I've been married to my wife for 3.5 years and it will be 6 years since our first date next week. We have an 8 month old daughter together. I'm asking if the women out there think that there is anyway to save my marriage.

My wife decided that she wanted a divorce. She says that she does not feel safe with me. After reading the 5 Love Languages book, I realize that I have not been showing her love in her language either. We are both under a lot of stress outside of just our marriage. I am in school for my Masters and spend a lot of time doing research. I also work a full time job that takes me away for 24 hours every third day. She works in healthcare working 4p-4a 13 nights a month. She has been coming home and going to bed by 5am and then taking care if the baby when she gets up around 9-10 for the past 6 months. Not that I don't want to help but school and work takes me away in the mornings. She has said "I love you so much" just a few weeks ago and even said she still loves me during all of this just not in an intimate way. I read about the walk away wife syndrome and it seems exactly like our situation. I even mentioned that to her as well. I am not sure that it is all me that makes her want the divorce. I think she is exhausted physically as well as emotionally because of me. I have told her I wanted to change the problems that she has brought in the past so that we could work on things. She said I should of done it sooner which I agree that I should have. I have also scheduled counseling for myself to get help with some anger/temper issues that I have (she says that's 90% of her problems with me). 

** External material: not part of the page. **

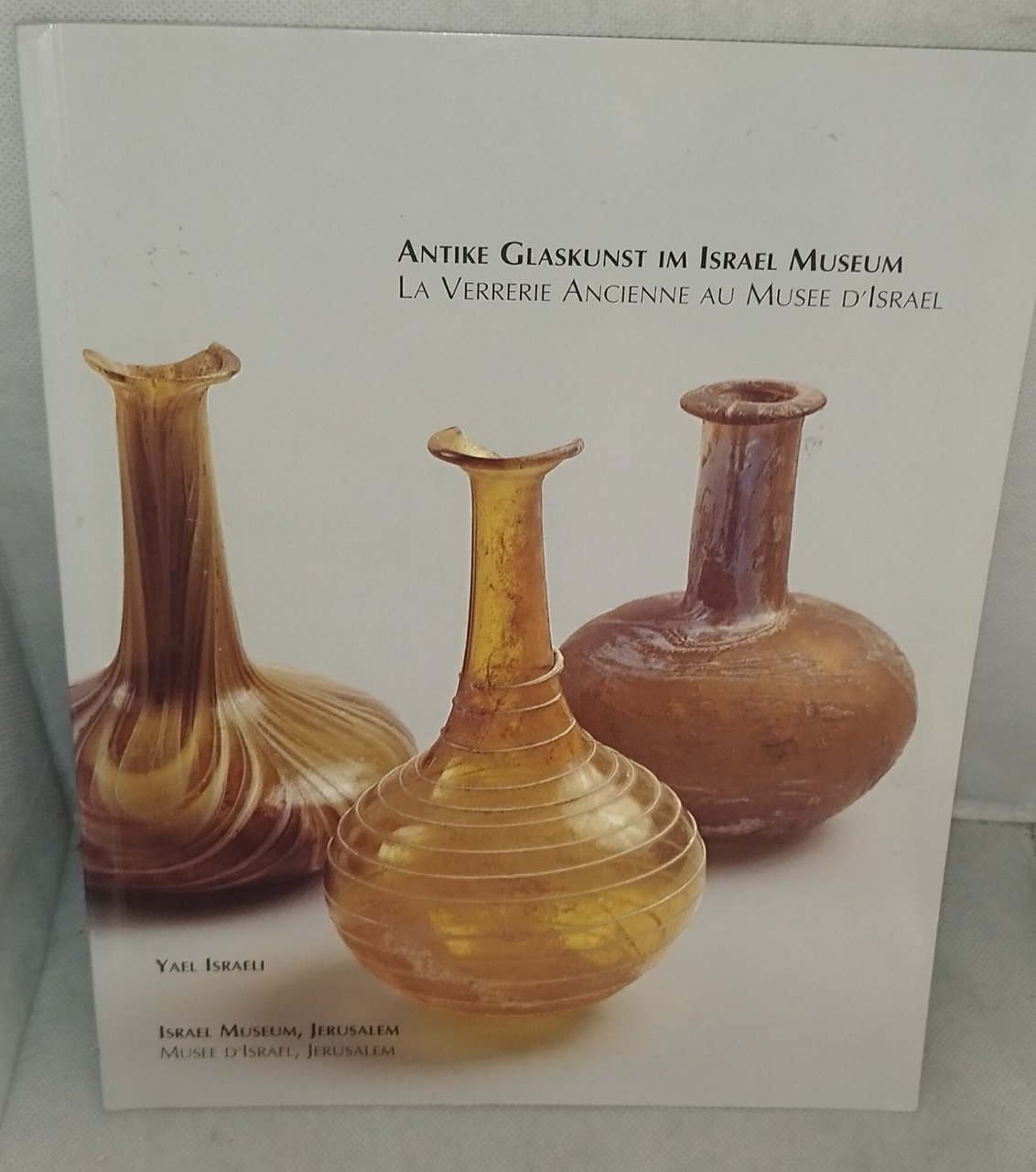 Antike Glaskunst im Israel Museum. La verrerie ancienne au Musée … | Immagine principale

I love this woman more than anything on this planet and would do anything to get her back. I have just done a horrible job at showing her this over the years. I realize now after reading that book that her love language is acts of service and quality time. Since she asked me to move out, quality time is not really an option. I have been going to our house and cleaning it from top to bottom for her to show her that I care and want to do the things she needs. I hope that is not wrong of me (she knows I go over there when she is at work to get things and says she is not mad about it). Is there any way to save my marriage? Am I doing things that will hurt my chances or should I just continue to show my commitment to seeking help and wanting to do the right things for her? I do not want to lose her as she is my true reason for being. I have been in other long term dating relationships and realize that she is the only one for me (she does not have any past relationship experiences...at least not serious ones).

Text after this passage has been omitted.